(WORK INSTRUCTION): With both ends included, repeat exactly the lines of the entries below from the one containing "Cách chơi đá" down to the one containing "We Photographed Zoo", and no others.

(THE INPUT):
__________

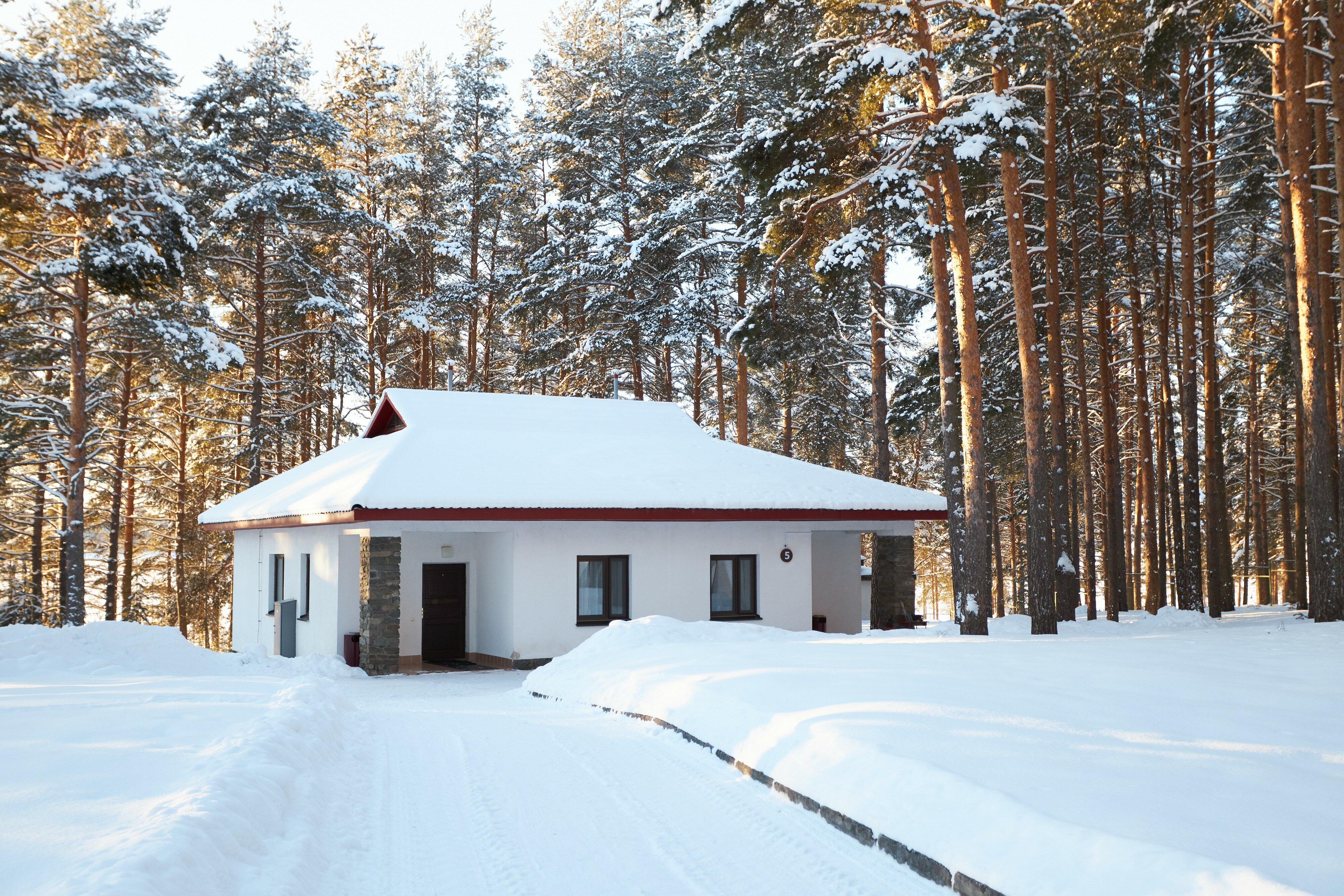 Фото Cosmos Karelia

__________

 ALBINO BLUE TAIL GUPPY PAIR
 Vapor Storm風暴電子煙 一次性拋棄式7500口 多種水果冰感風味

__________

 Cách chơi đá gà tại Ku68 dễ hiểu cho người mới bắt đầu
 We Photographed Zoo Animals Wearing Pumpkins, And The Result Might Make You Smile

__________

(FINISHED EXERCISE):
 Cách chơi đá gà tại Ku68 dễ hiểu cho người mới bắt đầu
 We Photographed Zoo Animals Wearing Pumpkins, And The Result Might Make You Smile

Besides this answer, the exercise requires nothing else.